• [Directions]: Pictures aside, the data must be reproduced exactly.

[Supplied information — start]

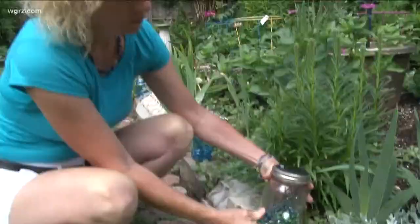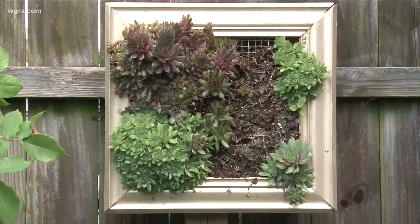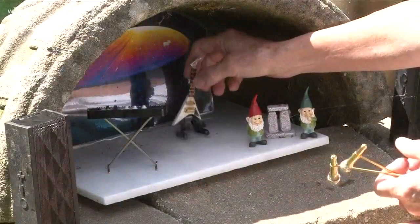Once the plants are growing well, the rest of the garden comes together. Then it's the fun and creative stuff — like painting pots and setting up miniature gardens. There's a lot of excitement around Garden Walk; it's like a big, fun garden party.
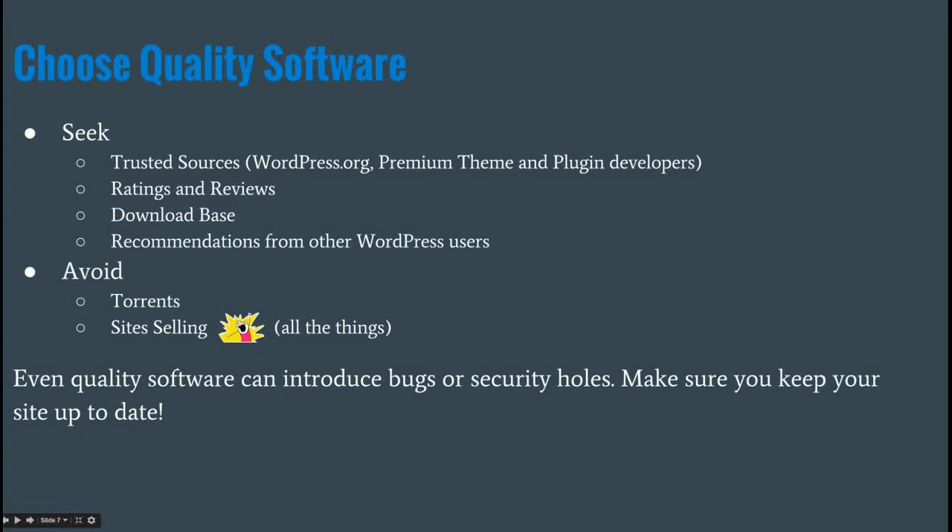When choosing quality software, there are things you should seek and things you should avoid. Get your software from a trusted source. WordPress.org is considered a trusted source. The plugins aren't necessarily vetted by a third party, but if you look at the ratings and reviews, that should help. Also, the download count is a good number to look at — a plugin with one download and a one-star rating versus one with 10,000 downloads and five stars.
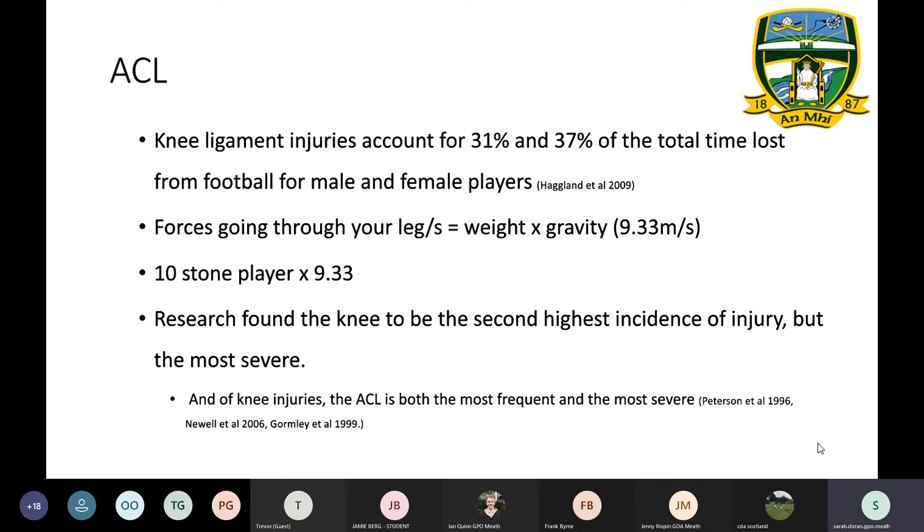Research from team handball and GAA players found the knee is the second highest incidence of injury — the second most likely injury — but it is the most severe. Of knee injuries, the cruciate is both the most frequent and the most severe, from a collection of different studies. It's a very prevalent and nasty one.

[Supplied information — finish]

• [Response]:
Once the plants are growing well, the rest of the garden comes together. Then it's the fun and creative stuff — like painting pots and setting up miniature gardens. There's a lot of excitement around Garden Walk; it's like a big, fun garden party.
When choosing quality software, there are things you should seek and things you should avoid. Get your software from a trusted source. WordPress.org is considered a trusted source. The plugins aren't necessarily vetted by a third party, but if you look at the ratings and reviews, that should help. Also, the download count is a good number to look at — a plugin with one download and a one-star rating versus one with 10,000 downloads and five stars.
Research from team handball and GAA players found the knee is the second highest incidence of injury — the second most likely injury — but it is the most severe. Of knee injuries, the cruciate is both the most frequent and the most severe, from a collection of different studies. It's a very prevalent and nasty one.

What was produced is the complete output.